Figure 7.5 shows an example of such monitoring. Ping is used to gather round-trip delay information, which is presented as a chart on the monitoring system. A threshold of 100 ms has been chosen for this display. When this threshold is crossed, it triggers an alarm to notify the network manager that a problem may exist in the network.

Figure 7.5: Monitoring for event notification.

Real-time analysis usually requires short polling intervals (time periods between active probing of the network and network devices for management data), and there is a trade-off between the number of characteristics and network devices polled for real-time analysis versus the amount of resources (capacity, CPU, memory, storage) needed to support such analysis.

In some cases the amount of network data generated (and the resulting traffic) by the periodic polling of multiple characteristics on many network devices can affect the overall performance of the network. For example, consider a network that has 100 network devices, with each element having an average of four interfaces and each interface being monitored for eight characteristics; this would be added up as follows:

(100 network devices) (4 interfaces/network device) (8 characteristics/interface) = 3200 characteristics

If each of the 3200 characteristics generates an average of 8 bytes of data and an estimated 60 bytes of protocol overhead, the amount of data generated per polling session is as follows:

(3200 characteristics) (8 bytes = 60 bytes) = 217.6 KB of traffic, or 1.74 Mb of traffic

If we plan to poll with a polling interval of 5 seconds, at best this 1.74 Mb of traffic would be spread out over the 5 seconds, or 384 Kb/s.
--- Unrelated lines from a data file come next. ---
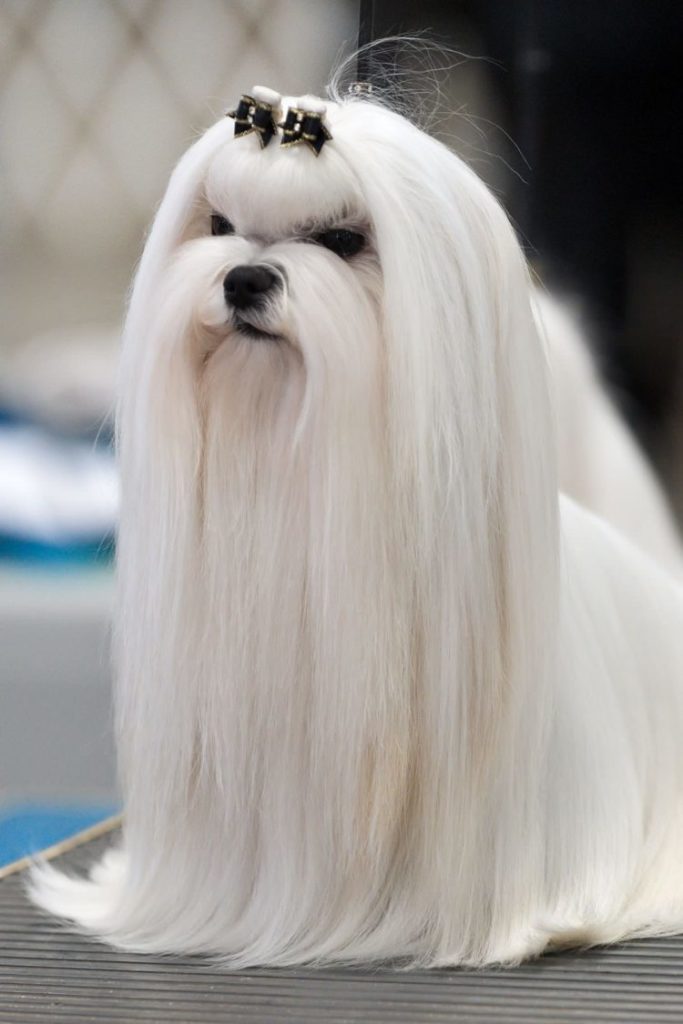 67-jenis-anjing-kecil-besar-peliharaan-dari-seluruh-dunia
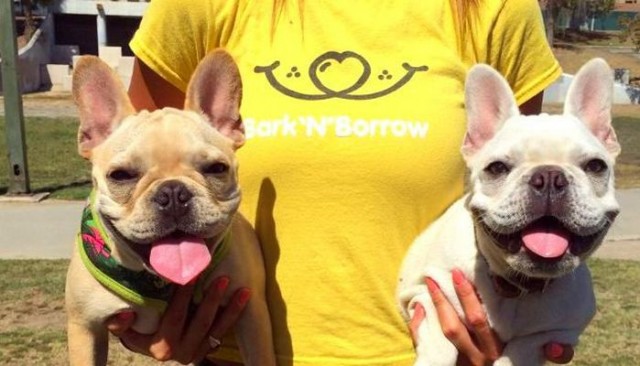 New App Lets Lonely Humans Borrow Dogs Free of Charge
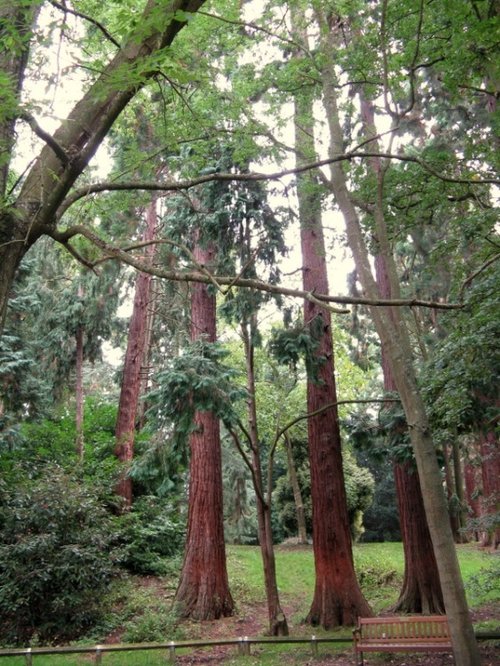 Coombe Abbey Country Park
It is more likely, however, that most of the data will arrive shortly after the polls are generated, so the traffic may be more like a spike of 1.74 Mb for the second after the polls occur.

For a period of 1 day, the total amount of traffic will be

(1.75 Mb/polling interval) (720 polling intervals/h) (24 hours/day) = 30.2 Gb of traffic

And the amount of data stored would be

(3200 characteristics/polling interval) (8 bytes) (720 polling intervals/day) (24 hours/day) = 442 MB data stored per day

Over the course of a year, this would add up to more than 161 GB of data. And this is a conservative estimate for a mid-range enterprise environment.

Monitoring for Trend Analysis and Planning

The same end-to-end, per-link, and per-element characteristics that are used for event monitoring can also be used for trend analysis. Trend analysis is using network management data to determine long-term network behaviors, or trends. This is useful in planning for future network growth.

In doing continuous, uninterrupted data collection, usually with long polling intervals (minutes or hours instead of seconds), we can begin by establishing baselines for trends and then use these baselines to plot trend behavior. This is shown in Figure 7.6, which shows long-term trends for availability, delay, and percentage of utilization. Polls for each characteristic are saved to network management on a regular basis, and over a long period (usually weeks or months, but sometimes up to years), trends in these characteristics begin to emerge. In Figure 7.6, upward trends are clearly visible for delay and percentage of utilization.

Figure 7.6: Monitoring for metrics and planning.

7.5.2 Instrumentation Mechanisms

Instrumentation is the set of tools and utilities needed to monitor and probe the network for management data. Instrumentation mechanisms include access to network management data via SNMP, monitoring tools, and direct access. Instrumentation can be coupled with monitoring, display, processing, and storage to form a complete management system.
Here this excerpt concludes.